There are many other places where using the definite article is very weird in English, but it still requires it in the translation. I guess it's just inconsistently applied, but it's going to get frustrating when it needs you to write out the whole thing and you have to remember which sentences want "the" and which don't rather than what's grammatically sensible in English.
If you say het ontbijt, you know which breakfast you are talking about. Usually the one you are about to have, but it could also be the breakfast that is served in the hotel you booked.
Ontbijt is .., is more general. Like you would say love is...
So gramatticaly not incorrect but only in a conversation about what breakfast constitutes for you. But .. Who has those kind of conversation
Another example; happiness is..(beer and a hammock).
(I think it might have something to do with being uncountable?) So only in those kind of cases it would Edit, month later: no idea where I was going with this last part... And I might have meant abstract instead of uncountable, but with me stopping midsentence we will never know..
When I said "The breakfast is A egg and coffee", it marked it wrong just for that tiny little mistake, but sometimes, like a recent problem before that, when I said "baname", instead of "banan", because I had to translate "banana", it marked it as correct, saying I had just misspelled that word. Can somebody tell me why that is?
In my experience, Duolingo will allow spelling mistakes as long as what you write is not another recognized word. Therefore, if you write "banama" instead of "banana" it will allow it as "banama" is not a word in English, whereas an input such as "bananas" might be flagged as wrong as this is essentially another word in the dictionary (according to Duolingo) and not a 'spelling mistake' variant of the correct word.
In contrast to "de ontbijt"? In most languages that classify nouns in certain groups the grammatical gender has no strict "why", based for example on the meaning of a word. It is simply a convention you have to learn. Why would it be "de ontbijt" instead?

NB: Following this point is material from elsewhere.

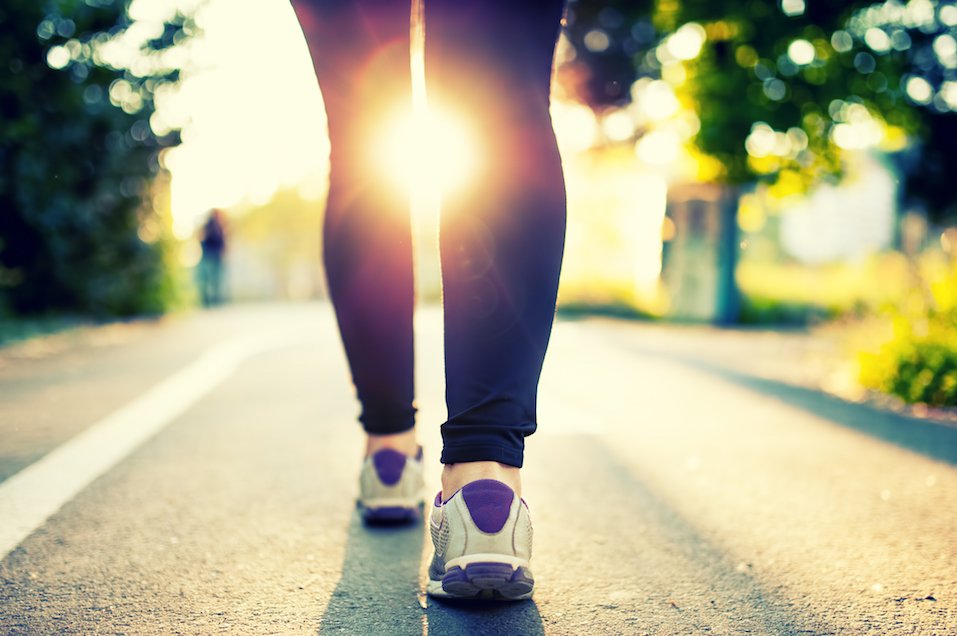 Fitness concept and welfare with female athlete joggin in city park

However, if you want to learn more about Dutch's grammatical gender, maybe this is a good place to start: http://en.wikipedia.org/wiki/Gender_in_Dutch_grammar
Wow the guy finally learned to speak softly. He doesn't sound as harsh (don't know how to describe it) as he used to. New audio or is it just the first few skills that are painfull to listen to and totally misrepresent the language.
Each lesson I thought my god, there is gonna be a whole bunch of people thinking we sound this awful.